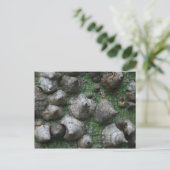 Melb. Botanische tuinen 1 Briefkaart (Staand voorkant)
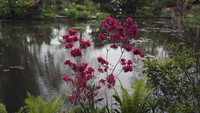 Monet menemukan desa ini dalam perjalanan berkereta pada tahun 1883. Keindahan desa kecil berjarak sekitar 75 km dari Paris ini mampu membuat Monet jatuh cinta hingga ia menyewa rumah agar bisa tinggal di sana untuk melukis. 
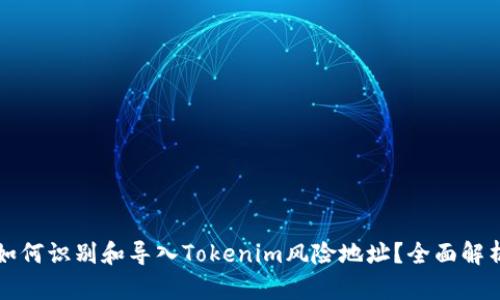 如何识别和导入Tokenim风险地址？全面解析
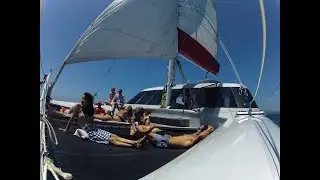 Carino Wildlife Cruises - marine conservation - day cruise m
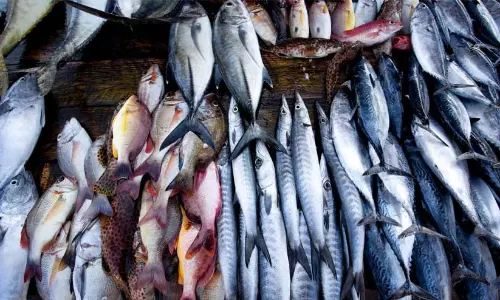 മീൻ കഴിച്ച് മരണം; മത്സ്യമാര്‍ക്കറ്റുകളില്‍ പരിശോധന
---
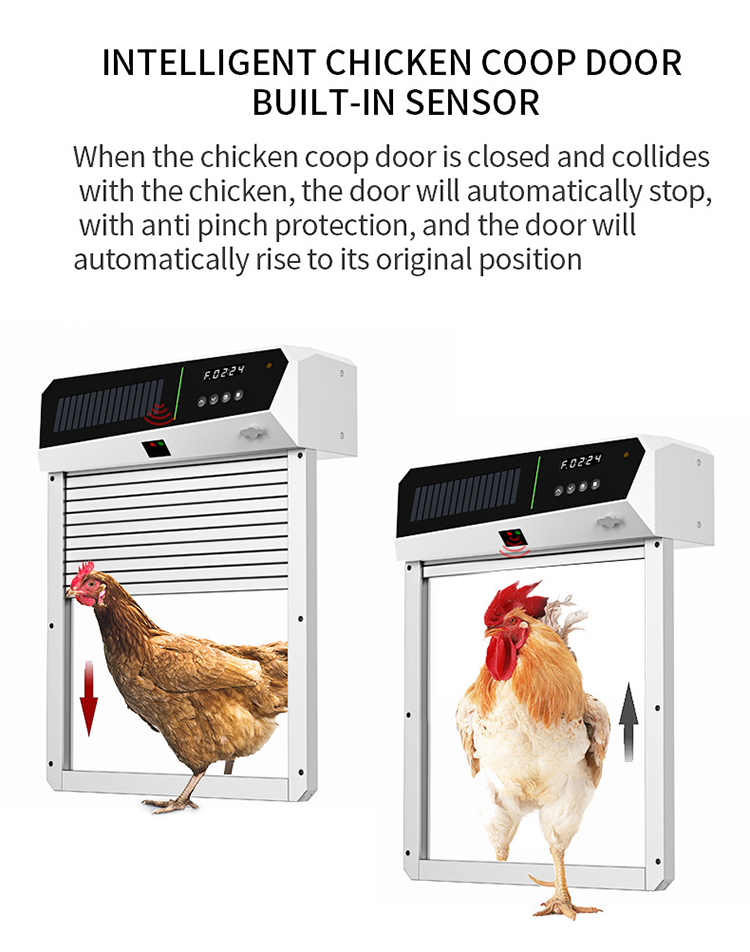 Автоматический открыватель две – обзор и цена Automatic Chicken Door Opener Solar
---
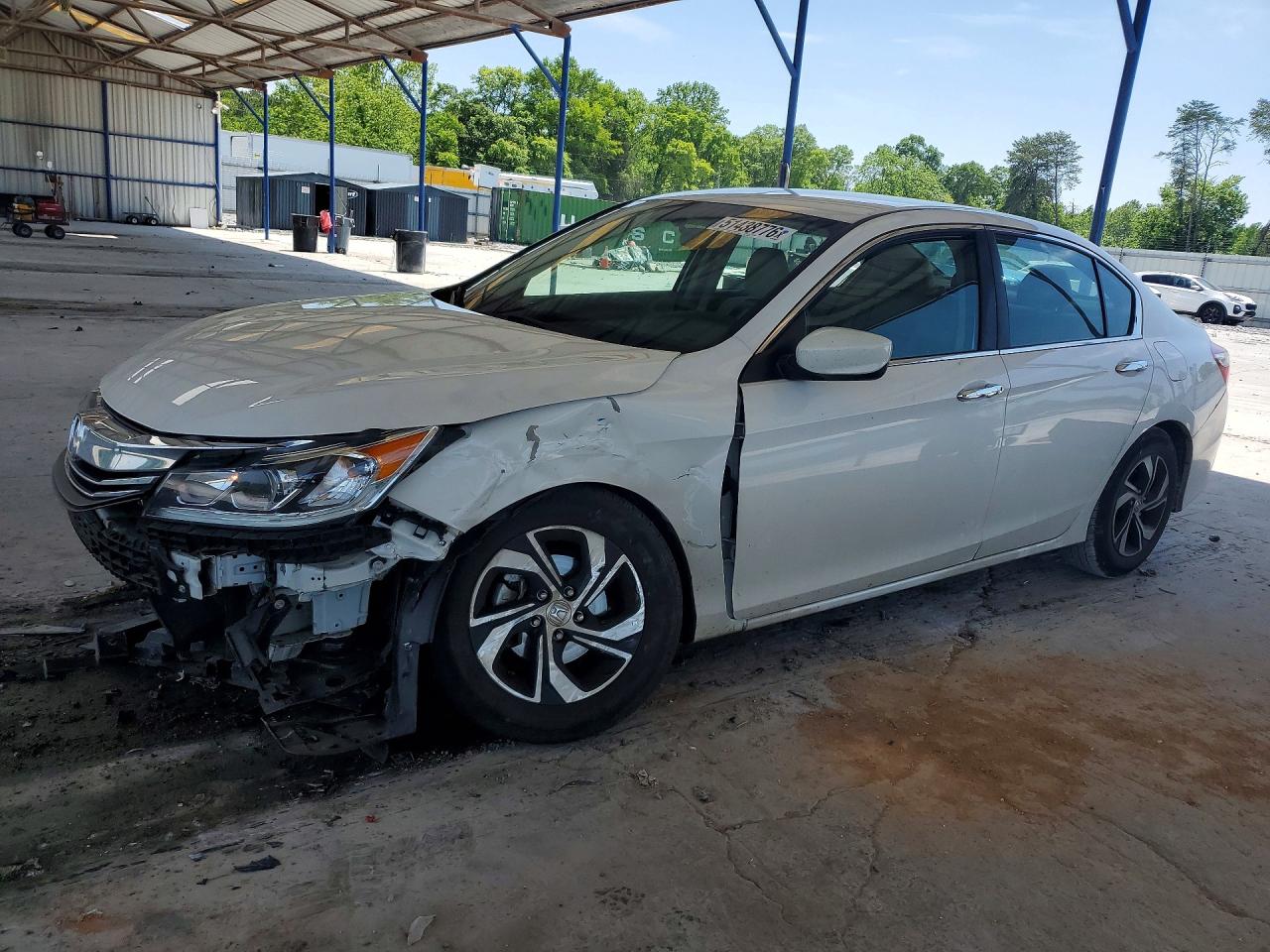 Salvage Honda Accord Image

Problem details:
Using the data above, set down each line from the line with "Melb. Botanische tuinen" to the line with "മീൻ കഴിച്ച് മരണം;" exactly, both ends included, and leave the pictures behind. Nothing else belongs.

Solution to this task:
 Melb. Botanische tuinen 1 Briefkaart (Staand voorkant)
 Monet menemukan desa ini dalam perjalanan berkereta pada tahun 1883. Keindahan desa kecil berjarak sekitar 75 km dari Paris ini mampu membuat Monet jatuh cinta hingga ia menyewa rumah agar bisa tinggal di sana untuk melukis. 
 如何识别和导入Tokenim风险地址？全面解析
 Carino Wildlife Cruises - marine conservation - day cruise m
 മീൻ കഴിച്ച് മരണം; മത്സ്യമാര്‍ക്കറ്റുകളില്‍ പരിശോധന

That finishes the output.